TASK REQUIREMENTS: Give back exactly the lines starting at the one with "We protect it" and ending at the last line of the data below. Pictures are not part of the copy.

INPUT:
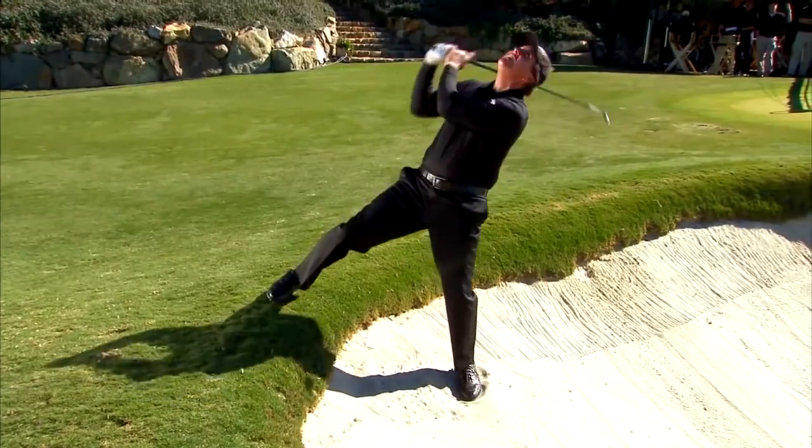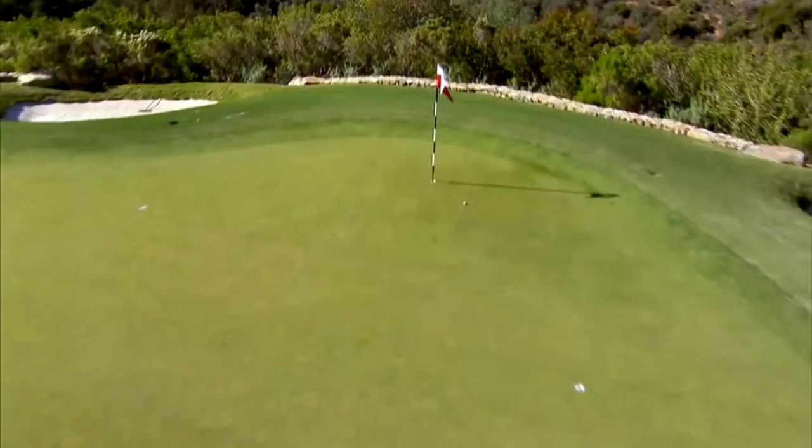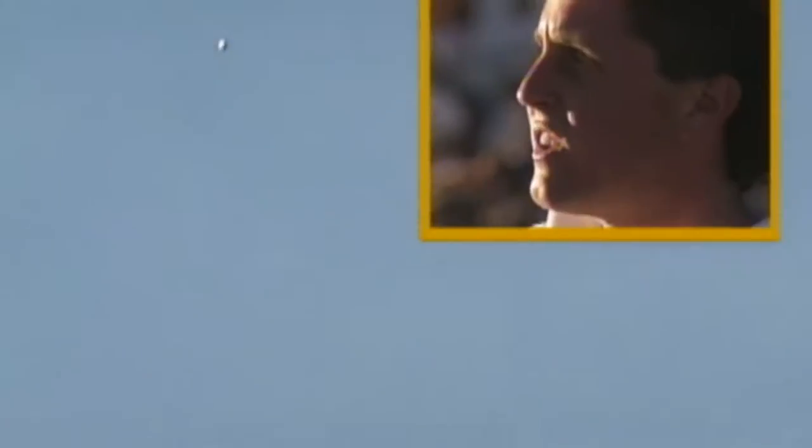Do it! Greatest short game player ever. Come on, baby! Back with my hands. Do it! Oh, I misread it! Do it! Come on, baby! I misread it!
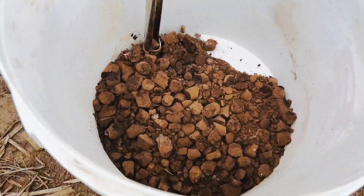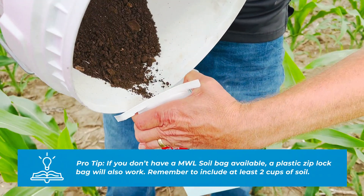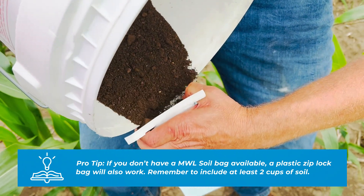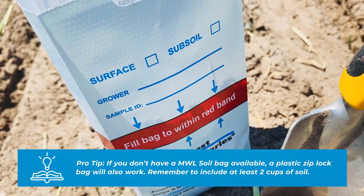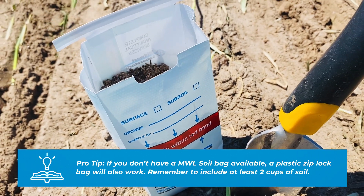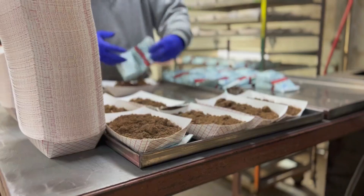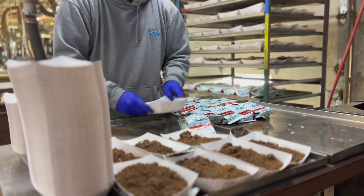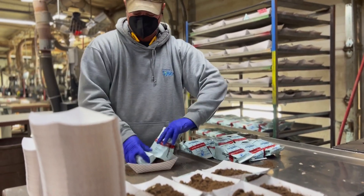Another key factor in the success of taking proper soil samples is making sure that enough sample is taken to fill the Midwest Lab soil bag to the red line. This ensures enough sample is taken to run all the required testing, to perform any reruns, or to add on additional testing. Following these simple steps will help make sure a proper sample is taken and the best results are produced.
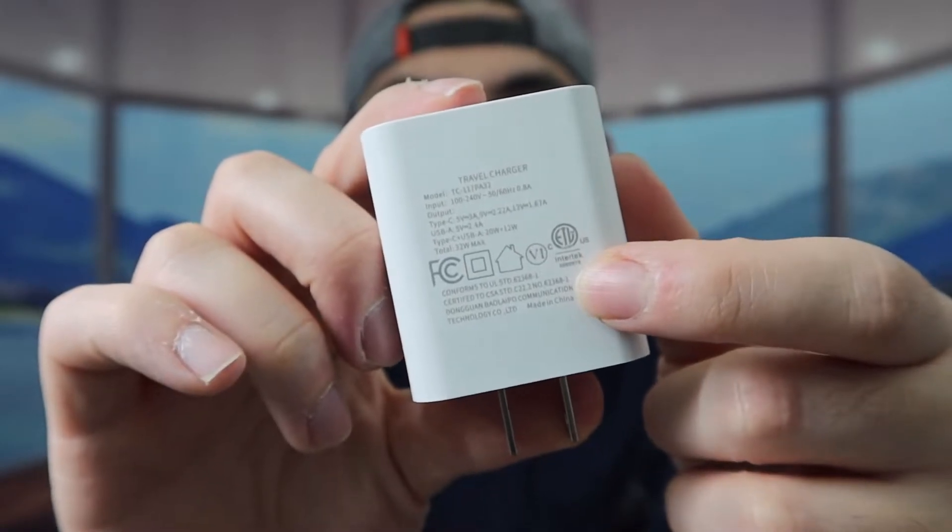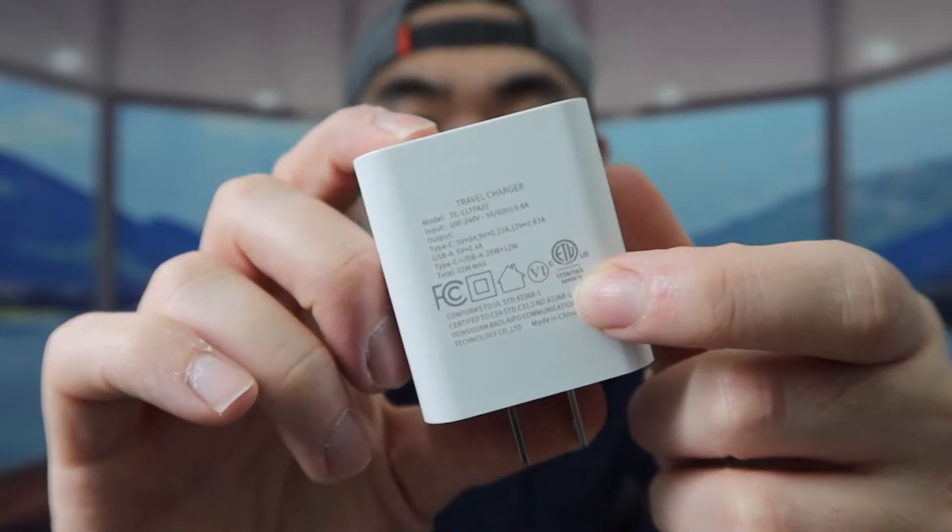On the back they've got the specs for the product. When you feel the overall weight it's pretty lightweight — it's a really cool product to bring along when traveling. It also has built-in protection like overcharge protection, overvoltage protection, and more.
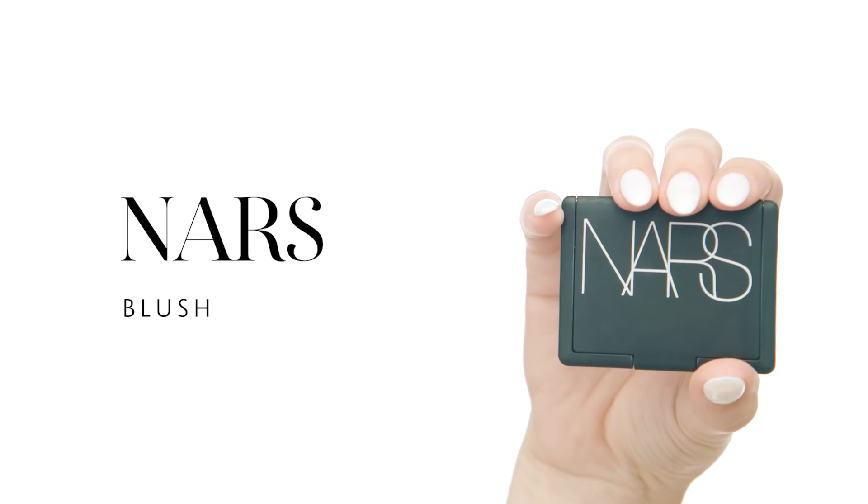To add a little color back into my cheeks, I'm using NARS Blush in the shade Torrid, which is a soft coral. I'm taking my Pro Precision Powder No. 59 Brush by Sephora Collection and applying it back towards my ear. I don't like to focus too much on the apples of my cheeks because I have very full cheeks already — I like to make my face look more sculpted and lifted, and this helps me do that.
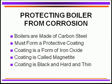We protect it by forming what we call a protective coating. That protective coating is really a form of iron oxide — we call it magnetite. It's a very hard coating, it's very thin, it's black, and you cannot rub it off with your fingers. If you do have a coating on your boiler tubes that is red rust and it's easy to wipe off, that is not magnetite. That is too much corrosion that shouldn't be occurring.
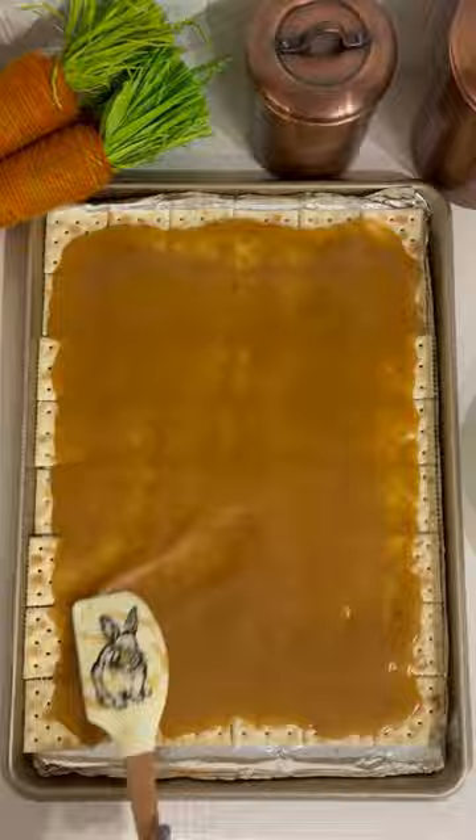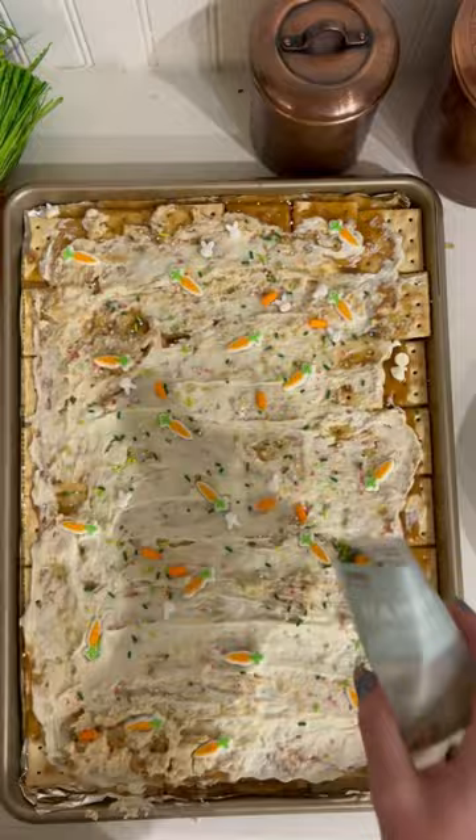Bake for five to six minutes. As soon as you pull it out of the oven, add your chocolate chips and spread it around with a spatula as it's melting. Have fun with the sprinkles and the toppings — I think the little bunnies are what makes this such a cute treat.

COMPLETED EXERCISE:
We protect it by forming what we call a protective coating. That protective coating is really a form of iron oxide — we call it magnetite. It's a very hard coating, it's very thin, it's black, and you cannot rub it off with your fingers. If you do have a coating on your boiler tubes that is red rust and it's easy to wipe off, that is not magnetite. That is too much corrosion that shouldn't be occurring.
Bake for five to six minutes. As soon as you pull it out of the oven, add your chocolate chips and spread it around with a spatula as it's melting. Have fun with the sprinkles and the toppings — I think the little bunnies are what makes this such a cute treat.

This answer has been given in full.